Thursday, August 4, 2011

Taking my own Advice

I teach writing and urge people to write every day, yet I never follow that advice myself. I write sporadically and periodically but not daily. I read an article on changing habits and found myself nodding in agreement over all of the steps I should take to write every day, as a habit, but I have not taken that advice either. I don't think that I am a lazy person, but I am not an overly ambitious one. I sometimes wish that more ambition would find its way into my psyche. That I will become an ambitious goal-setter and do all of the things that I envision myself doing; that I will conquer my bad habits and replace them with good ones (I almost wrote healthy in place of good, but that would signal a topic change into the area of bodily health which I do not want to talk about now); that I will wake up and follow my plan for the day and see the end product in my mind while I achieve the small steps necessary to arrive at the destination, the goal. These things are not in me every day, though, and I muddle through my lists and days and weeks and months and then Wow! I'm another year older.

I teach writing and focus on process and how it all comes together into one huge life-changing revelation, but that is not what happens. I need to heed the words of writers past when they suggest that all that writing is is work and daily work if anything is going to ever come of it. I have to sit down and write every day or not. If not, then maybe I am not that writer I think I am. If so, then maybe something extraordinary will come of it, say a collection of poetry or short stories or maybe a novel or book of essays. Writing is a process, but the end-products are the only measures of what we have done. I have two poems published to show for four decades of writing. My craft is not perfected because it is not a daily habit. Changing habits is hard.

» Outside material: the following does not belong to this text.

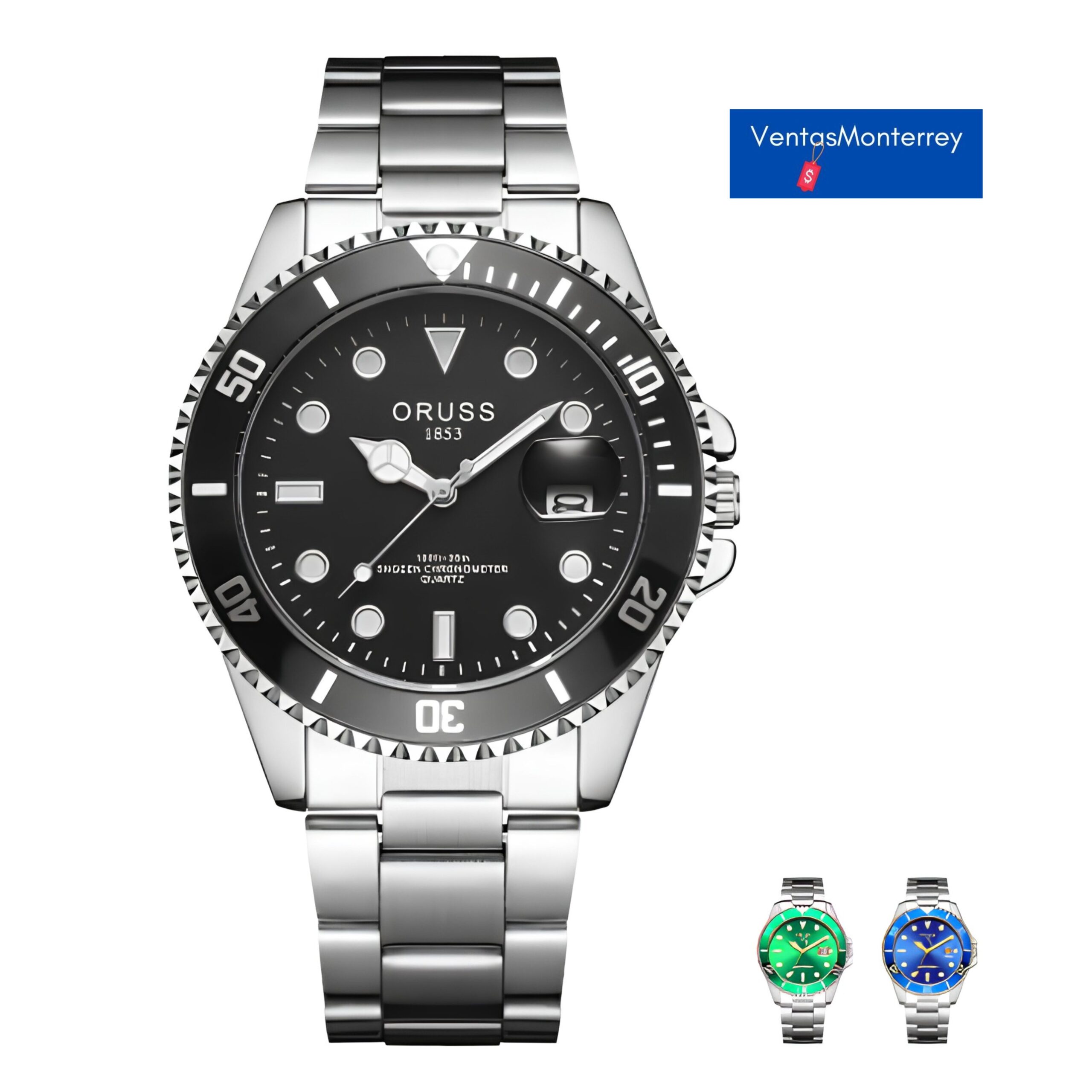 orus-negro Reloj de Cuarzo para Hombre Casual con Calendario y Manecillas Luminiscentes Negro - Azul - Verde - Imagen 1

When I was a teenager, I thought that I should have to suffer for my craft. I should live in poverty or in fear of my life for a period of time, or I should struggle to live by my wits alone away from people. I should travel, but in a way in which I will need to work hard to survive. I have never done this, and I am still not the writer I envisioned nor do I have the writing life that I want. I continually refer to my next life as if I am so sure that there will be one where I will have another chance to become the writer I want to become (and here invites the "just do its" and the "go for its" which do not work on me). Or I may return as a giant millipede.